Greetings, folks, and welcome to another episode of Posts I Didn’t Want To Write. Today, we’re using a real-life example to talk about marginalized identities in composition and repertoire. However, this example, highlighted this week by the band and orchestra communities, is of a white man using a pseudonym to represent himself as a female Japanese composer (and, by extension, to represent his appropriative works as authentic).

The man in question is Larry Clark, an educator-turned-composer who has achieved some prominence as a large ensemble composer, particularly for young groups. Clark has, since at least 2005, published some works under his own name and others under the pseudonym Keiko Yamada. Titles from Clark’s catalog are fairly standard for a white composer in this century—“Subatomic,” “Intuition March,” etc. (I will not be linking to his website or any of his content during this post.) Yamada’s titles all lean into the supposed Japanese identity—“Hotaka Sunset,” “Kon’nichiwa,” “Japanese Lullaby” . . . you get the picture. To make matters worse, parts of this false identity seem to be co-opted from actual Japanese women—one student presentation on the “composer,” found in a basic Google Search, conflates Clark’s Yamada with the popular Japanese manga artist of the same name. The “composer”’s birthdate, available through Schott Music’s page dedicated to her, is listed as August 18th, 1972, which is the birthdate of Keiko Komuro, lead vocalist of the pop group Globe.

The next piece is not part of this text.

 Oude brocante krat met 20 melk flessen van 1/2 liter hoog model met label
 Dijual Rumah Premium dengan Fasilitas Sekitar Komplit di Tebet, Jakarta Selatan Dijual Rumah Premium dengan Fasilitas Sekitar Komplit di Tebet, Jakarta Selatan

Through this, Clark has created two footholds for himself in the world of large ensembles: one in which he profits off his own name and one in which his racist, sexist, colonialist, and transphobic business practices allow him to profit from work misleadingly billed as authentic. He has created a persona that tiptoes into spaces he would not otherwise be welcome in. He has taken advantage of the intentional programming movement; Yamada’s name and work is listed on mandatory repertoire lists in at least two states. Further, the decision to publish under a name carrying double-minority status means he, a white man, can take up spots on concerts reserved for women, people of color, and women of color.